HSJ’s roundup of the day’s must know stories

Julie Moore is undisputed queen of Birmingham

Dame Julie Moore, the widely respected chief executive of University Hospitals Birmingham Foundation Trust, is to be appointed chief executive of Heart of England FT.

Along with UHB chair and former home secretary Jacqui Smith, Dame Julie will run both trusts on what Monitor describes as an “interim” basis.

No timescale for the arrangement have been set, but Monitor emphasises the unacceptability of HEFT’s surprise £29.5m year to date deficit, and the importance of turning this around.

UHB is also in deficit, but is closely tracking its forecast and is widely acknowledged as being extremely well run. Dame Julie will spend the “vast majority” of her time at HEFT, says Monitor.

Whether or not this is a temporary arrangement or something with a longer term future, it means Dame Julie will be in charge of five hospitals with a combined turnover of £1.39bn.

Don’t call it a merger, though – the trusts will remain distinct entities with separate boards, and our understanding is that this, along with the vague “interim” nature of the arrangement, is intended to keep the competition authorities at bay.

The solution is not without precedent in Birmingham: earlier this year Birmingham Children’s Hospital FT chief Sarah-Jane Marsh took over at Birmingham Women’s FT, without merging the organisations.

It means that much of Birmingham’s acute provision is now controlled by just two chief execs, and opens up the possibility of a serious reconfiguration of hospital services in the city.

It also means that the high profile, outspoken Dame Julie is now a more powerful and influential figure in the health service than she already was.

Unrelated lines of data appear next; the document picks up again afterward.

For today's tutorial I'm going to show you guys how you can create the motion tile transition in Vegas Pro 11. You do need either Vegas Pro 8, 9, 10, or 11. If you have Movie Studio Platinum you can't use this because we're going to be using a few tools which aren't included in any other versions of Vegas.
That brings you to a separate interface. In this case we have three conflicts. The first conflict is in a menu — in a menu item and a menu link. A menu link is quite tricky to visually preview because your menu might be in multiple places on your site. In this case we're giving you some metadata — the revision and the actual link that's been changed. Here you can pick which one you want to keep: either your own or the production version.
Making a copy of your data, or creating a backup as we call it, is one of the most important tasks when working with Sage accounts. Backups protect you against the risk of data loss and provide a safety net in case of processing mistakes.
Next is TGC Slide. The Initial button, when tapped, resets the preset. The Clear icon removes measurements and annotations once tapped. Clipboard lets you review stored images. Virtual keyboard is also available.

But turning around HEFT – which has deep seated governance and performance problems quite apart from its recent financial collapse – is a huge task, whoever is asked to do it.

Sherwood Forest FT ‘needs long term partner’

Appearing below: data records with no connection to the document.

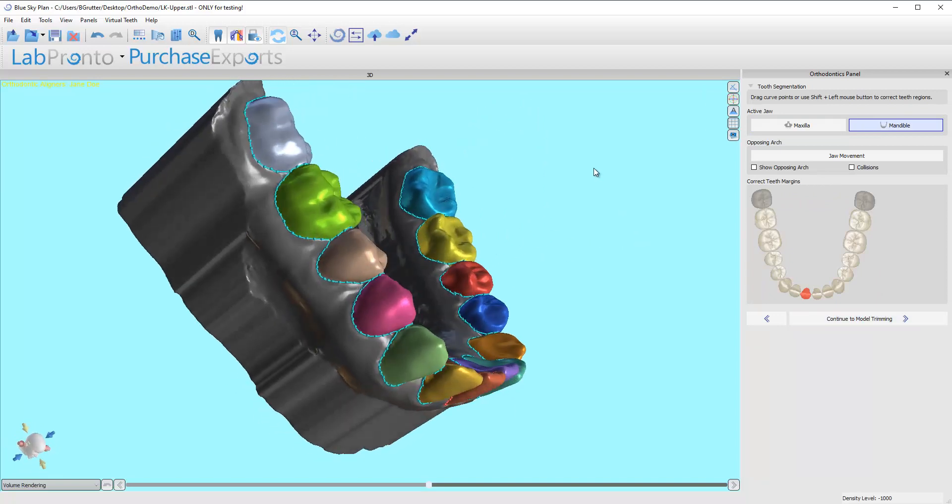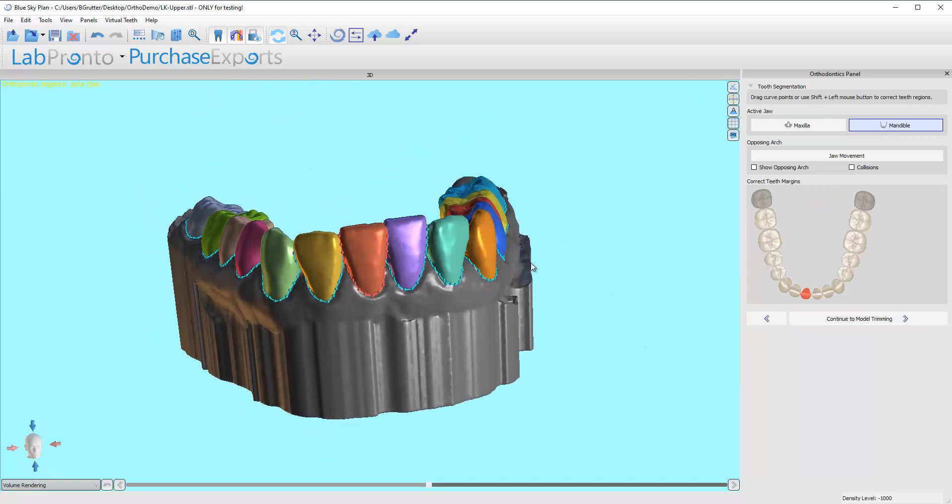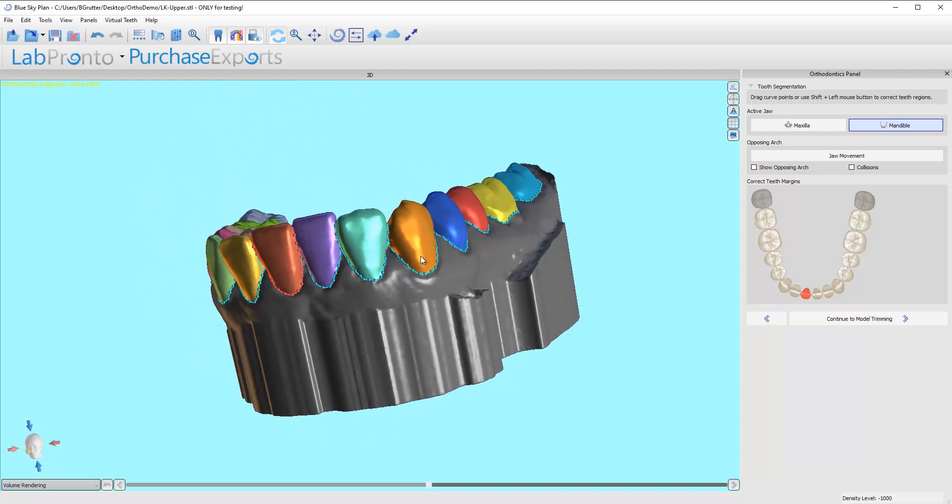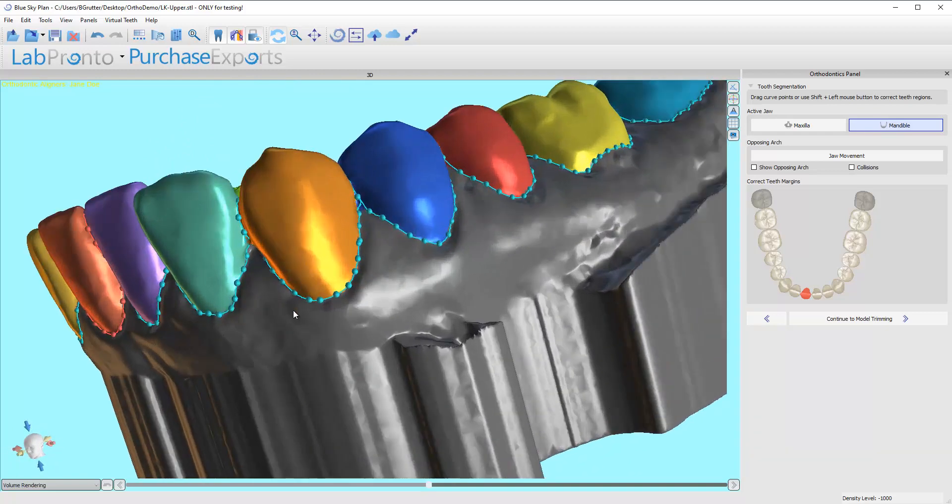And once again, it did a pretty darn good job. I'm not seeing any obvious areas as yet that need to be fixed.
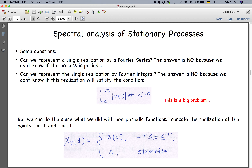Some key questions arise because of the conditions for Fourier series and Fourier transform. Can we represent a single realization of a stochastic stationary process as a Fourier series? Clearly no, because we do not know if the process is periodic. Does the Fourier transform exist? Also no, because we do not know whether the process is absolutely integrable between minus infinity and infinity. So we are at an impasse.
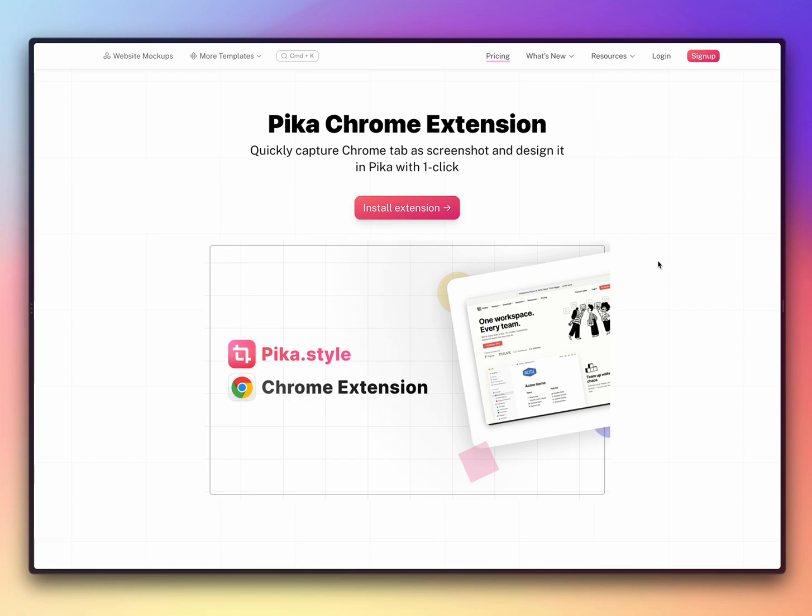So here is a demo on how you can use Pika's Chrome extension to quickly capture screenshots and then design it in Pika's editor.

Not all troubled providers are lucky to have Dame Julie as a neighbour, however, and the regulators have rubbed salt in the wounds for singleton Sherwood Forest Hospitals FT. A joint Monitor and Care Quality Commission statement said the “inadequate” East Midlands FT needed to establish a “close tie-up with a long term partner”.

They wouldn’t give us a clue what they meant by this, stating that all options - including merger - remained on the table.

Perhaps Executive Summary can act as a lonely hearts column in this instance. If you’d like to meet a district general hospital, more than two years in special measures, deficit exceeding £10m, in the Mansfield area - and has an appetite for complex governance arrangements - please do get in touch.